世界初! 自然の海でペンギンが泳ぐ「ふれあいペンギンビーチ」で想う

本館の横には橘湾が広がり、自然体験ゾーンの海浜部を活用した「ふれあいペンギンビーチ」が2009年にオープンした。U字型の両側突堤にペンギン脱出防止のネットを張ったシンプルな施設である。満潮時の海面は、縦・横が60m、深い所の水深は3mである。10時30分に館内の飼育場よりフンボルトペンギン10数羽が約100m歩いて海へと泳ぎ出す。自然の海なので、網目からはカタクチイワシや小魚、エビやカニなどが入り、ペンギンたちは捕食や好奇心から、飼育場では見られないイルカ泳ぎや潜水行動、四足歩行※3を見せてくれる。また、砂浜にいる時は、近くで写真撮影も可能であり野生地にいるような錯覚を感じる。

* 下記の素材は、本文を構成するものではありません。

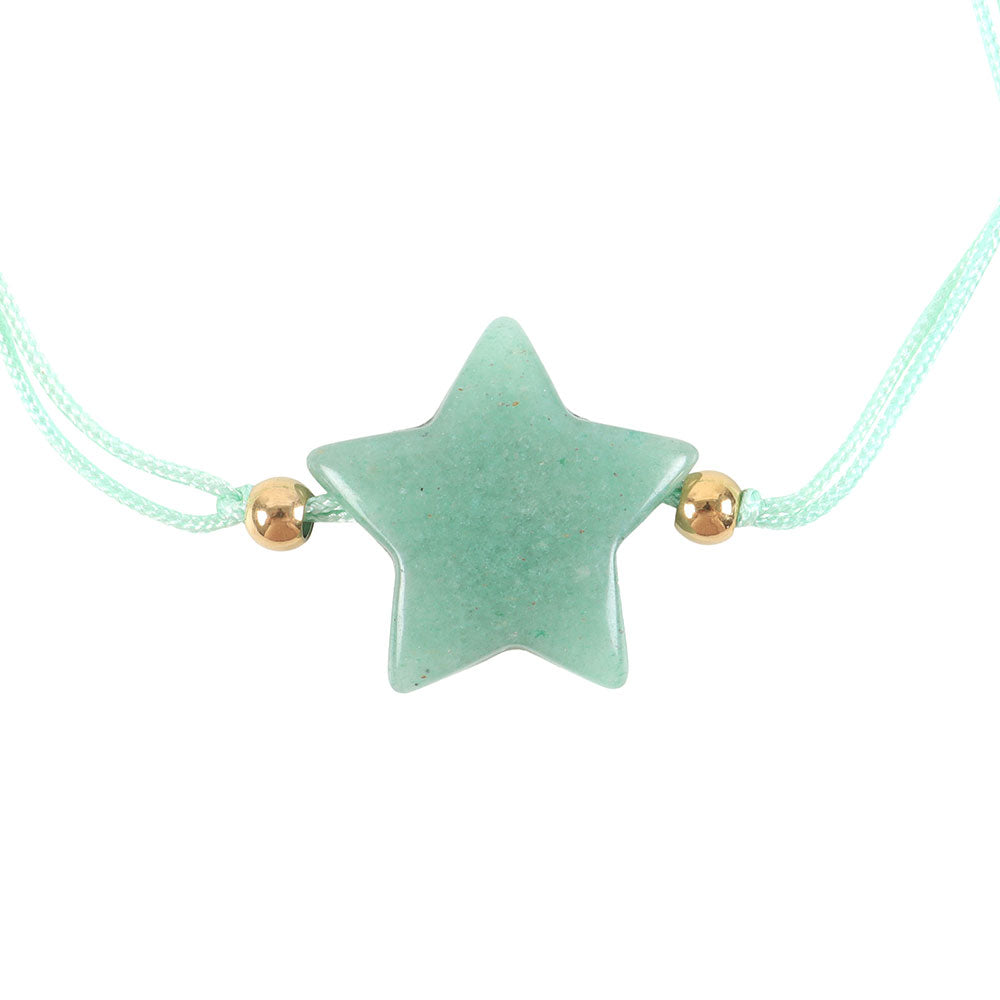 Close-up of green aventurine star bead on mint cord bracelet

そして15時には係員の誘導で飼育場へ帰る。この施設は、ペンギンたちもお気に入りの様子で、2013年には市民ZOOネットワークのエンリッチメント大賞を受賞した。
日本より遠く離れた生息地も重油流出などによる海洋汚染や海洋ゴミ、餌の減少、生息地の開発や新たな捕食者の侵入、交通事故、地球温暖化、エルニーニョ現象などでペンギンたちの生活が脅かされている。希少なペンギンたちが激減や絶滅しないことを願うと共に、ペンギンを通してこれまで以上に自然や環境教育の必要性を感じ、併せてペンギンたちの研究やさらなる繁殖技術、飼育環境の向上に努めて行きたい。(了)

ふれあいペンギンビーチペンギンとダイバーのふれあいランチタイム
  1. ※1水族館前の日見川河口域と海岸を活かした「自然体験ゾーン」に、雑木林や田などを模した水辺に水草や抽水植物、小魚等を飼育する環境が整備されている。
  2. ※2希少な動物を絶やさず増やしていくために、動物園や水族館同士で動物を貸したり借りたりするブリーディングローンという制度をつくり、協力して種の保存を実施している。
  3. ※3羽と足を使って、陸上を四つ足で進む様子。